# Problem
Which lines run from the one containing "Cozinha de casa" to the end of the material below? Copy them exactly, pictures excluded.
[Start of section]
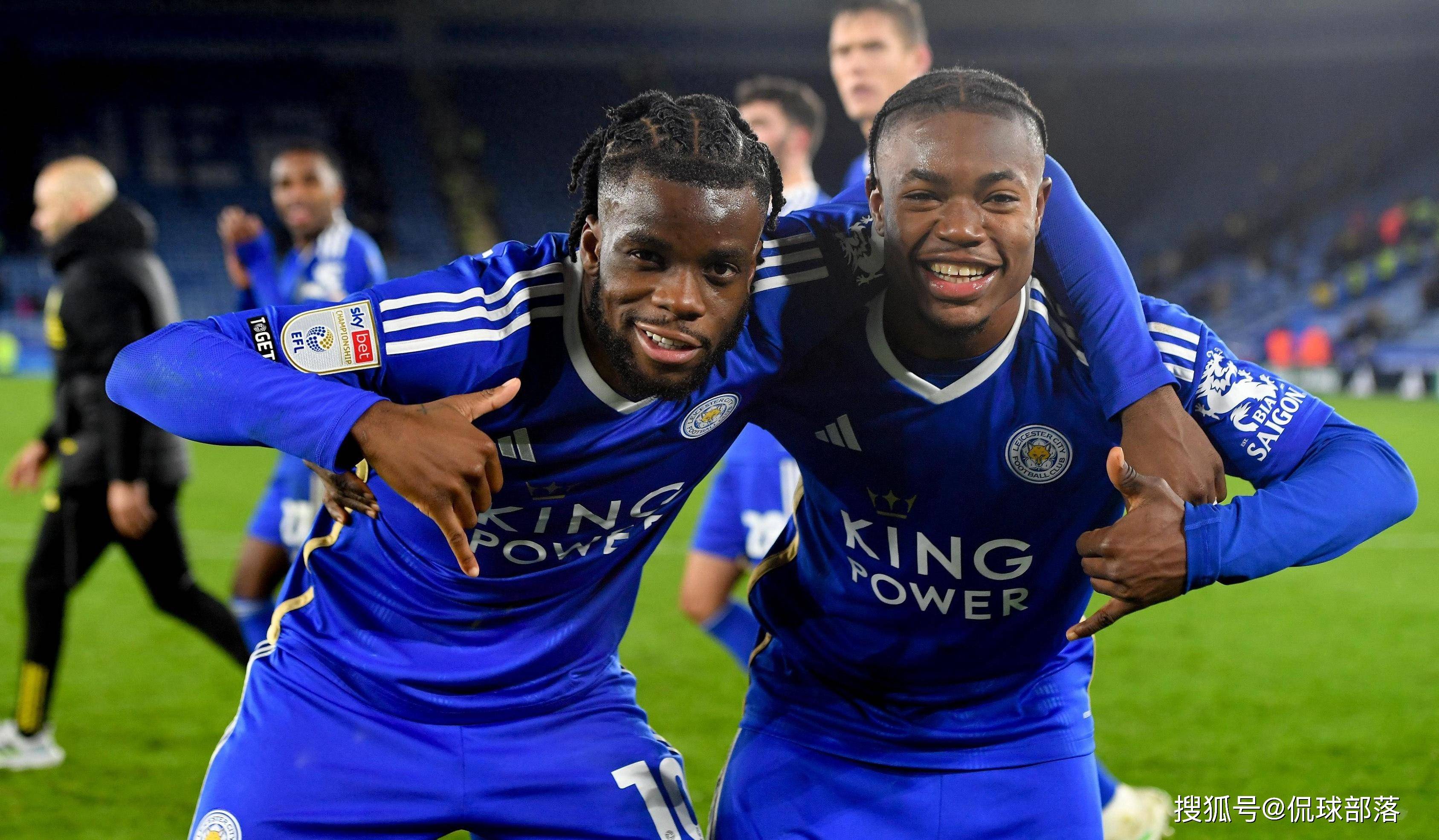 包含巴特勒回归赛场，势不可挡首场状态亮眼，利物浦观众沸腾！的词条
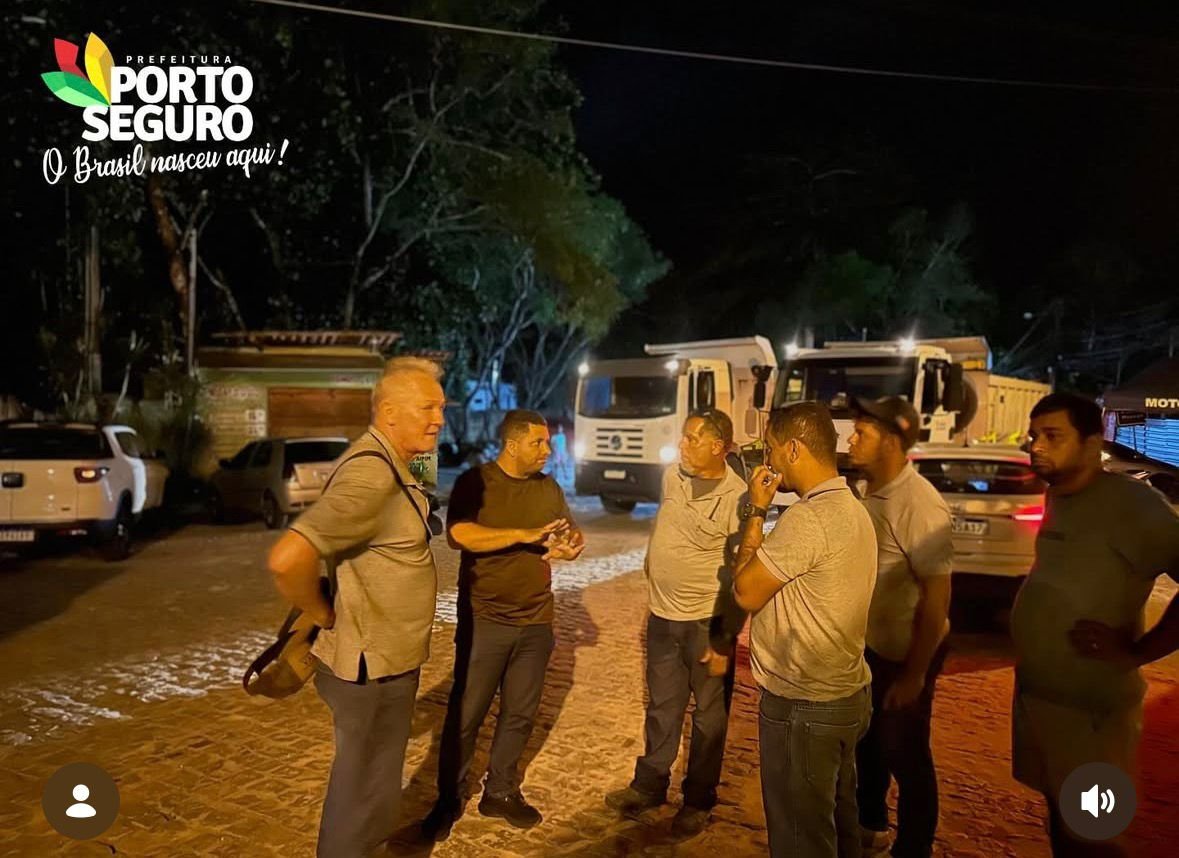 Prefeitura realiza operação noturno para liberar acesso na ladeira do Mucugê após deslizamento causado pelas chuvas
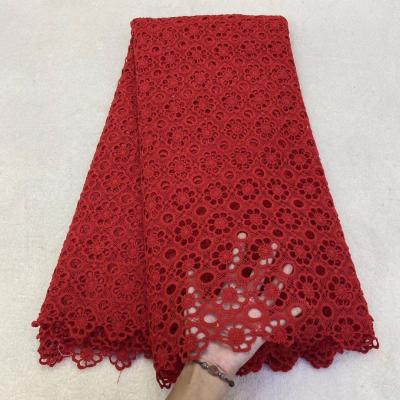 China Sustainable Handmade African Flower Embroidered Nigerian Lace Fabric Yards for sale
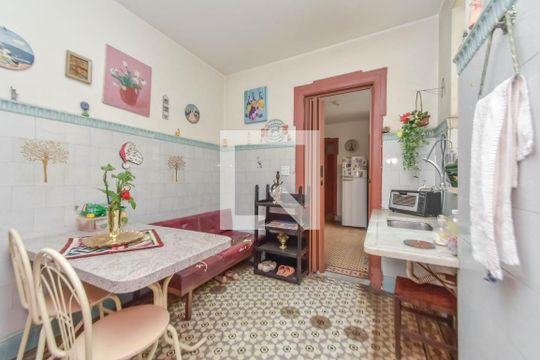 Cozinha de casa para alugar com 3 quartos, 400m² em Vila Buarque, São Paulo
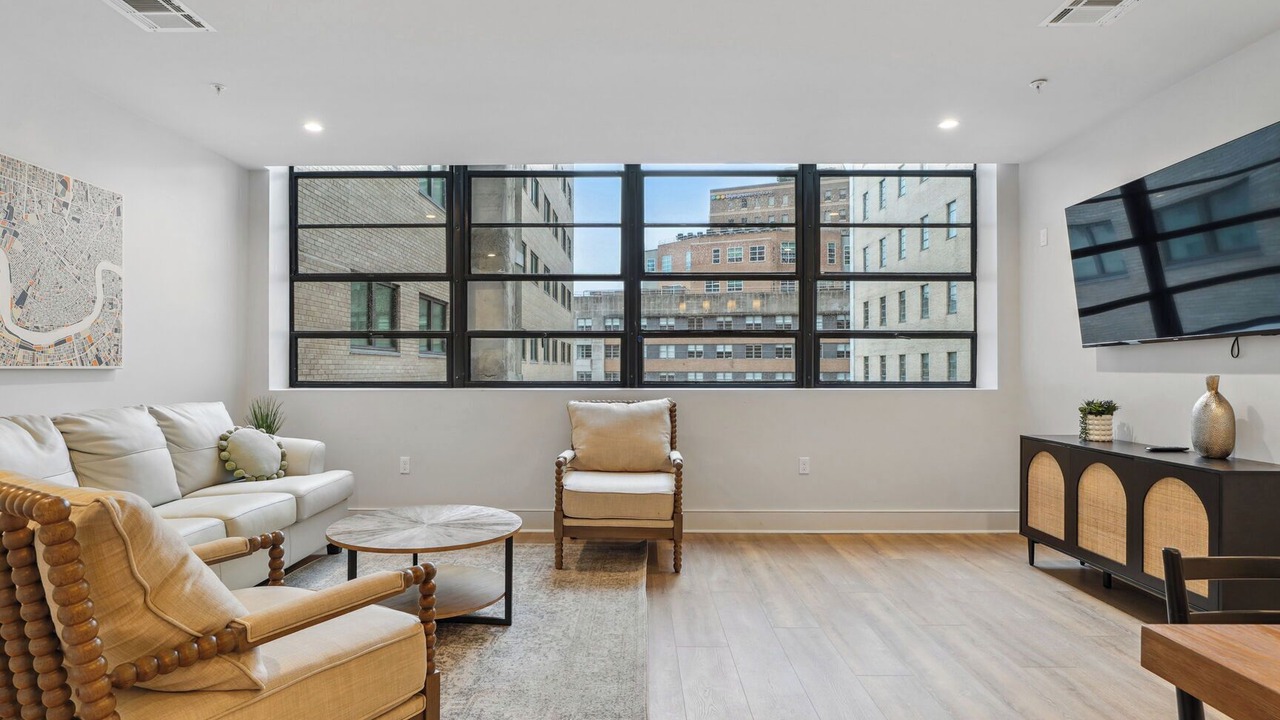Photo of Livingroom in Central Business District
[End of section]
# Answer space
 Cozinha de casa para alugar com 3 quartos, 400m² em Vila Buarque, São Paulo
Photo of Livingroom in Central Business District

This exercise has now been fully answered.